I found a manual online, http://www.truetex.com/bridgeport-manual.pdf 

I could have used it years ago.  Good luck getting your mill back up and running.


----------



## dfletch (Oct 16, 2015)

Thanks Bill. I believe I have it running ok now. I have the manual that came with the machine although it's falling apart. Maybe I can print some of the one you found and get a better look of some things. Thanks again.

Doug


----------



## comstock-friend (Oct 28, 2015)

Come on guys, you can get brand new fresh BP documents from Hardinge:

http://www.kneemills.com/index.asp?html=Documentation

John


----------



## jocat54 (Oct 28, 2015)

kd4gij said:


> The shop gremlins put that pin there I tell ya. The little suckers come out when it is dark in our shop. And they move things around and hide things. They like playing games like that to make us think we are going crazy.
> 
> 
> 
> Really  I have no clue. But I swear them gremlins are real.




I had a shop foreman as a gremlin. I was rebuilding the first of the front wheel drive auto transaxles on a chevy  (don't remember the model) and was down to the last few parts and there was a snap ring there in the part pile.
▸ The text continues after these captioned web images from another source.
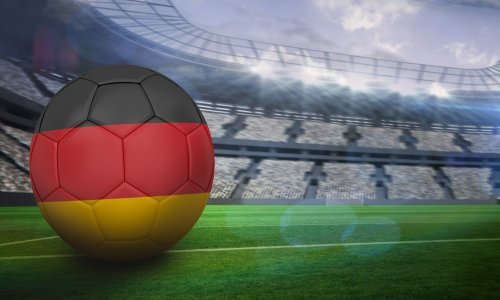 [VIDEO] U Njemačkoj golman nokautirao protivničkog napadača. Istovremeno je zabio gol i pao kao pokošen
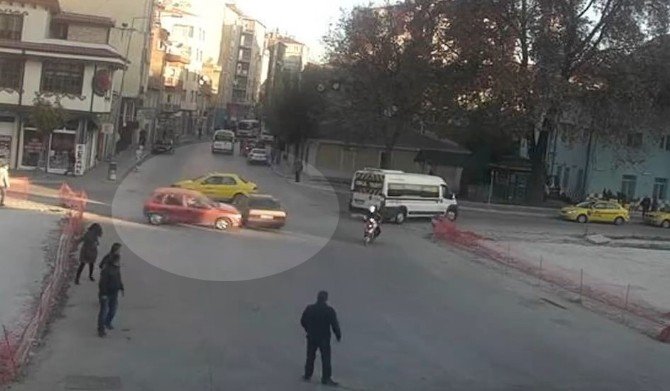 Eskişehir’de Trafik Kazaları MOBESE’de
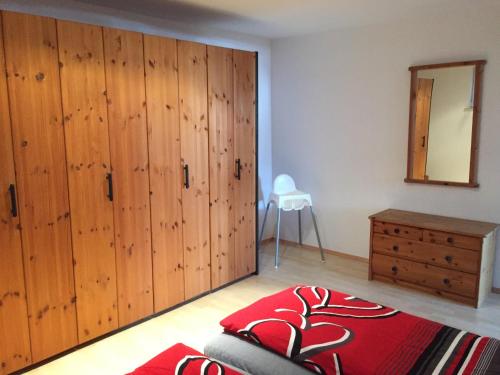 a bedroom with wooden cabinets and a bed and a dresser at Ferienwohnung Mimi Souterrainwohnung in Kastellaun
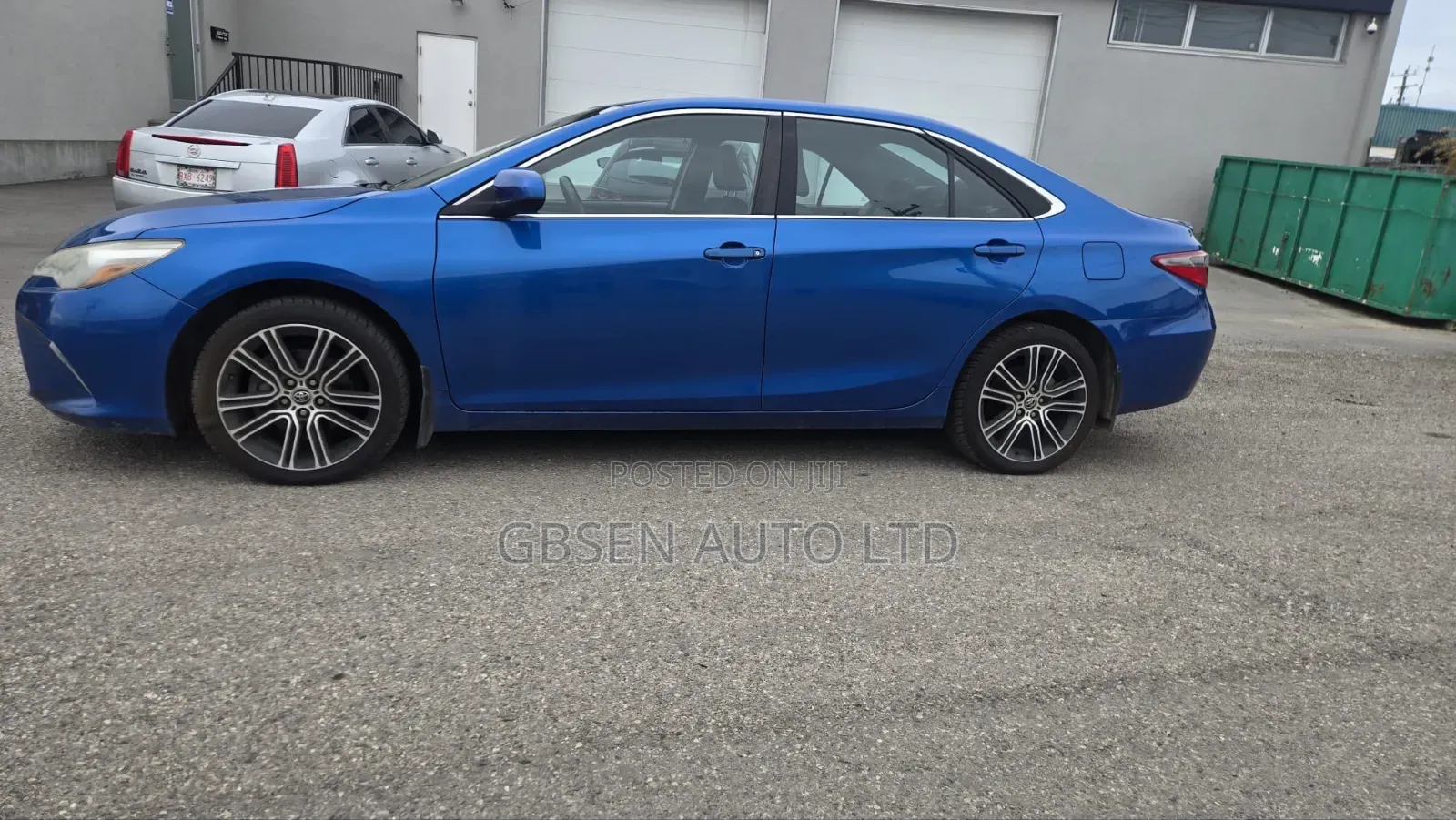 Toyota Camry 2016 Blue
There was no place for a snap ring to go---but I still looked for a place for a long time.
Couldn't find the shop foreman for a while, not that it mattered, he had never repaired one of the 125 transaxles either.

He showed up about an hour latter looking like the cat that ate the canary--owned up to putting the snap ring there. We had a lot of laughs about it thru the years.


----------